[Sweden] Bambuser, the Stockholm-based videocasting service that rivals the likes of Silicon Valley’s Qik, has announced a partnership with Finland’s YLE. The public service broadcaster represents Bambuser’s first major customer in 2010 and the company is hoping it will lead to other major media companies adopting its platform.
YLE, which has never been shy of experimenting with social media, wants to better understand how its audience are using consumer-facing services such as Bambuser to break the ‘monopoly’ of traditional media, and to connect with viewers in new ways. The broadcaster is running a pilot in which several teams of journalists will be using the mobile video streaming service as a way to “document everyday work life” as well as to file live reports.

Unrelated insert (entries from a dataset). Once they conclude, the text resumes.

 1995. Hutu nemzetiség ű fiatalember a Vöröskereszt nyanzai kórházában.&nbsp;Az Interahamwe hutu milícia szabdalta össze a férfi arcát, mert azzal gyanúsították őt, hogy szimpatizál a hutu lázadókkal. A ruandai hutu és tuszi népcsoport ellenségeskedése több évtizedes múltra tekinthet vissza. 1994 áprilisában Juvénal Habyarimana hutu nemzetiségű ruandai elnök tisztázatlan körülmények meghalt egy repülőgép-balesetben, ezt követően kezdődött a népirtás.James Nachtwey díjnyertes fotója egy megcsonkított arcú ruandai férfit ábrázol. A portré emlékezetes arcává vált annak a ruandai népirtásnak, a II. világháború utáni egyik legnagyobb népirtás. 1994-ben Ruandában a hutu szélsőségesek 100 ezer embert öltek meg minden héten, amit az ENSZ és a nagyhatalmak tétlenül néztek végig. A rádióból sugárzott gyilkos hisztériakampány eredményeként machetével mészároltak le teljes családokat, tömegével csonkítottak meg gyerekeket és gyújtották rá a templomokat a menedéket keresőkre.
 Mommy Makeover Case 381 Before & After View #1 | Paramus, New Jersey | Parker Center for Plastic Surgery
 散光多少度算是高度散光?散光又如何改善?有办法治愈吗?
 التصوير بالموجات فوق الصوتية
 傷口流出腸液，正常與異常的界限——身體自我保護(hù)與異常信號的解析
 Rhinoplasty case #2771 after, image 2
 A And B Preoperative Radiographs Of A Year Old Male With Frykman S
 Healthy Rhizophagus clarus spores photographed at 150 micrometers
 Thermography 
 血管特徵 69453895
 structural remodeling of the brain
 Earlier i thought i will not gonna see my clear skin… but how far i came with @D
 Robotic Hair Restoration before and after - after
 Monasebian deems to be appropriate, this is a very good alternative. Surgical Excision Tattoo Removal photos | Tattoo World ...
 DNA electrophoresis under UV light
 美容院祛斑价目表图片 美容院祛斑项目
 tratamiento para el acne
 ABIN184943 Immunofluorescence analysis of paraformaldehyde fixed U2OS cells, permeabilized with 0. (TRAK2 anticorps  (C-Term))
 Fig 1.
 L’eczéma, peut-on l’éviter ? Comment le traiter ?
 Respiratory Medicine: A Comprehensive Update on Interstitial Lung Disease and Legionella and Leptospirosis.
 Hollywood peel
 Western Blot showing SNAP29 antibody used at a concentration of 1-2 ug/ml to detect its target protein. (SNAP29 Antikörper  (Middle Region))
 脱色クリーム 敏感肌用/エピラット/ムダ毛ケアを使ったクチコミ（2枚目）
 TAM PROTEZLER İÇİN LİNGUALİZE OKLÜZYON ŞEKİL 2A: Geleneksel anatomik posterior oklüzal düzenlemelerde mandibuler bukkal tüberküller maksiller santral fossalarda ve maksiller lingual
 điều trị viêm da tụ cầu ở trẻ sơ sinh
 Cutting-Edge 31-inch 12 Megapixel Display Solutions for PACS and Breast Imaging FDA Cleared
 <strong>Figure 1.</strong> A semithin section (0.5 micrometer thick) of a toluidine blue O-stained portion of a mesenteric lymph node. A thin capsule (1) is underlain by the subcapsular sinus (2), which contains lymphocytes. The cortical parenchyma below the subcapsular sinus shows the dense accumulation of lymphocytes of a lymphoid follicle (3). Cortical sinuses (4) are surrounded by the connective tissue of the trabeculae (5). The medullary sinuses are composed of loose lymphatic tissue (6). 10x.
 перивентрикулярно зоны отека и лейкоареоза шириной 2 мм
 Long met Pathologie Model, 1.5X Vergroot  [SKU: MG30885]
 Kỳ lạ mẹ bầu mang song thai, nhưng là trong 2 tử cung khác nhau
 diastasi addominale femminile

“We think it is important that we know how to use the tools that are available to consumers. In that way we my also understand how people might best share their videos and stories with us and the rest of the world”, says Tuija Aalto, Head of New Media Development at YLE.
The service, which enables live video streaming from a PC or mobile phone (Symbian, Android and iPhone), is free to use for personal use and by not-for-profits but charges for commercial use.
So as to keep the video stream as real-time as possible, the Bambuser mobile app drops frames dynamically, while at the same time storing a full frame-rate version locally on the handset. Any dropped frames or audio that can’t get through during the live broadcast are uploaded immediately afterwards for archived viewing. Although, as we’ve noted in the past, comparing like for like is nearly impossible given the flaky nature of 3G networks.
That said, whatever Bambuser’s technical merits, it certainly doesn’t have the mindshare of Qik. Or the distribution for the matter – Qik recently began being bundled on select Nokia handsets.